**TASK ITEM**
Give back exactly the lines of the material below, starting with the line with "à Calgary, Alberta" and going on through the line with "BMW 5 E60 E61".

RECORDS FOR THE EXERCISE Block Start

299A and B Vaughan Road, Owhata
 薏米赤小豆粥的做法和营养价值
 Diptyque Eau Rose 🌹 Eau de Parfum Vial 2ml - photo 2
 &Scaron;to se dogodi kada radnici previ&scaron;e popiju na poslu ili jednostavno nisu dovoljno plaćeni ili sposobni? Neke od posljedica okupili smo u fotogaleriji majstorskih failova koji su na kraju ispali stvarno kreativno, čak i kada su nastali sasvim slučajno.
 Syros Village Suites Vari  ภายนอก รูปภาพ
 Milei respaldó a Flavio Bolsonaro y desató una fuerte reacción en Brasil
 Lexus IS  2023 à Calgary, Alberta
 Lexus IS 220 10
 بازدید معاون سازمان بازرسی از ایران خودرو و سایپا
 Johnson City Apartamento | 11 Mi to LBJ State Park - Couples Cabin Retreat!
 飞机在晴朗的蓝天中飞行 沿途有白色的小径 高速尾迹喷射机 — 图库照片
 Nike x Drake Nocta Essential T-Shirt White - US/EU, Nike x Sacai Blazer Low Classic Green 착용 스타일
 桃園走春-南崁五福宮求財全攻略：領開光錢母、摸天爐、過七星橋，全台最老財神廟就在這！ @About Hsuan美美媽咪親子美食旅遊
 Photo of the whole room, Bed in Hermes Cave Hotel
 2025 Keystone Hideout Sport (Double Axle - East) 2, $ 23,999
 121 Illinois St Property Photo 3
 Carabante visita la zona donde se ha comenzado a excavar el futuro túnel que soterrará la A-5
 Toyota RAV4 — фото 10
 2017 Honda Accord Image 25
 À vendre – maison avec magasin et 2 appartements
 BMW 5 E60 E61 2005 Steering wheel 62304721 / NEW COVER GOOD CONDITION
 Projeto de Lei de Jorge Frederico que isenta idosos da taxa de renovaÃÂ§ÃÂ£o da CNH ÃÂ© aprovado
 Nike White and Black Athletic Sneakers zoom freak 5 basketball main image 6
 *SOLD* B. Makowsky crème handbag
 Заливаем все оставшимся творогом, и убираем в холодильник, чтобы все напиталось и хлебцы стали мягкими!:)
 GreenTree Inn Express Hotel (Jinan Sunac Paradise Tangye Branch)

RECORDS FOR THE EXERCISE Block End

**RESPONSE TO THE TASK**
 Lexus IS  2023 à Calgary, Alberta
 Lexus IS 220 10
 بازدید معاون سازمان بازرسی از ایران خودرو و سایپا
 Johnson City Apartamento | 11 Mi to LBJ State Park - Couples Cabin Retreat!
 飞机在晴朗的蓝天中飞行 沿途有白色的小径 高速尾迹喷射机 — 图库照片
 Nike x Drake Nocta Essential T-Shirt White - US/EU, Nike x Sacai Blazer Low Classic Green 착용 스타일
 桃園走春-南崁五福宮求財全攻略：領開光錢母、摸天爐、過七星橋，全台最老財神廟就在這！ @About Hsuan美美媽咪親子美食旅遊
 Photo of the whole room, Bed in Hermes Cave Hotel
 2025 Keystone Hideout Sport (Double Axle - East) 2, $ 23,999
 121 Illinois St Property Photo 3
 Carabante visita la zona donde se ha comenzado a excavar el futuro túnel que soterrará la A-5
 Toyota RAV4 — фото 10
 2017 Honda Accord Image 25
 À vendre – maison avec magasin et 2 appartements
 BMW 5 E60 E61 2005 Steering wheel 62304721 / NEW COVER GOOD CONDITION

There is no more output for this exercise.